WORK TASK
Out of the entries that follow, copy each line containing "Audi".

Stored dataset items

++++++++++

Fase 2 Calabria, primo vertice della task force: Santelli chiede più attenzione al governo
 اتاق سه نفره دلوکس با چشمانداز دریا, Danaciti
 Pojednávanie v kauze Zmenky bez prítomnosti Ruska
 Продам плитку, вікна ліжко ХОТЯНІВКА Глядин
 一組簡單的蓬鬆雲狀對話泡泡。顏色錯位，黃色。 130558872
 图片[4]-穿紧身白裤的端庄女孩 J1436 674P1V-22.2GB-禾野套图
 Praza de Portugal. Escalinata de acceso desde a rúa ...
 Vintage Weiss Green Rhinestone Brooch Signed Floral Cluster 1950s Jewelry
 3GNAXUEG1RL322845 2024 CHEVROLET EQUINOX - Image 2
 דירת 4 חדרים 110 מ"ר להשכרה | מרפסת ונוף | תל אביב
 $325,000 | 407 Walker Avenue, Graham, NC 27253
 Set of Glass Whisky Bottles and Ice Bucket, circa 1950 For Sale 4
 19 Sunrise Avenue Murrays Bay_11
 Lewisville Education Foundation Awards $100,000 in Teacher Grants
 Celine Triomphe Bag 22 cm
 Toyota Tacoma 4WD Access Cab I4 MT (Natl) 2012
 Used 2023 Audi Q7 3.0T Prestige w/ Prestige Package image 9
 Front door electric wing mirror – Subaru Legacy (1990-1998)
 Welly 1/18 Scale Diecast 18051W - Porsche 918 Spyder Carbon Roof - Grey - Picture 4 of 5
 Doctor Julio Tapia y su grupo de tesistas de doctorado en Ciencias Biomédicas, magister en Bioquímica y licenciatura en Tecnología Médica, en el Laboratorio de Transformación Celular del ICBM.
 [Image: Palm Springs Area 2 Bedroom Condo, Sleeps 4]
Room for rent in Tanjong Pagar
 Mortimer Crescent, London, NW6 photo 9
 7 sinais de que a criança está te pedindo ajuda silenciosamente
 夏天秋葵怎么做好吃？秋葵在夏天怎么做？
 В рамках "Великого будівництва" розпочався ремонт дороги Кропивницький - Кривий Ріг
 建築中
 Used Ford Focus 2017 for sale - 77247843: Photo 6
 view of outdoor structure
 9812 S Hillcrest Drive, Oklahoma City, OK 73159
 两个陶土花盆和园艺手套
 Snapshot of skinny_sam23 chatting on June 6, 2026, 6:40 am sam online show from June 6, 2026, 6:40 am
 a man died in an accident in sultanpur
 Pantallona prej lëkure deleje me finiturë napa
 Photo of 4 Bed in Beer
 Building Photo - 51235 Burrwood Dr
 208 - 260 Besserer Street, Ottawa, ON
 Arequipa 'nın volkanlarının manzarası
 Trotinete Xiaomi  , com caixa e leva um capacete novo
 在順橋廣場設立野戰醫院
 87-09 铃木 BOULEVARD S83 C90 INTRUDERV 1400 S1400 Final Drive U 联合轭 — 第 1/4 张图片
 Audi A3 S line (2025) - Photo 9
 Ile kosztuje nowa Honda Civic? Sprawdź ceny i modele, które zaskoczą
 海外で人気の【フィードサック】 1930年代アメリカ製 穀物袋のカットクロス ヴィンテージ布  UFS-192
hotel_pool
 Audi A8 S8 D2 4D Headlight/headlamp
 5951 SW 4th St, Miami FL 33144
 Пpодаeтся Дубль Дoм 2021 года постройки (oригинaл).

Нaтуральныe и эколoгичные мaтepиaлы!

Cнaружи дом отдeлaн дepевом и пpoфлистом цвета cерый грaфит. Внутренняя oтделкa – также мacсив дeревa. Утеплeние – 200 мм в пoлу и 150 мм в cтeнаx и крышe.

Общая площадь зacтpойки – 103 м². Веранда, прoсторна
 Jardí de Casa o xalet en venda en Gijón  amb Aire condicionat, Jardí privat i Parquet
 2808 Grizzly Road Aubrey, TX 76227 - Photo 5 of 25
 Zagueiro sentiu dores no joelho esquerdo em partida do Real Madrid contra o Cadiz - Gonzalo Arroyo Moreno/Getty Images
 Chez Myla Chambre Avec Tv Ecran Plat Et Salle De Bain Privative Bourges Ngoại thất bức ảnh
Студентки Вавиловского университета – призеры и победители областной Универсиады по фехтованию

++++++++++

TASK ANSWER
 Used 2023 Audi Q7 3.0T Prestige w/ Prestige Package image 9
 Audi A3 S line (2025) - Photo 9
 Audi A8 S8 D2 4D Headlight/headlamp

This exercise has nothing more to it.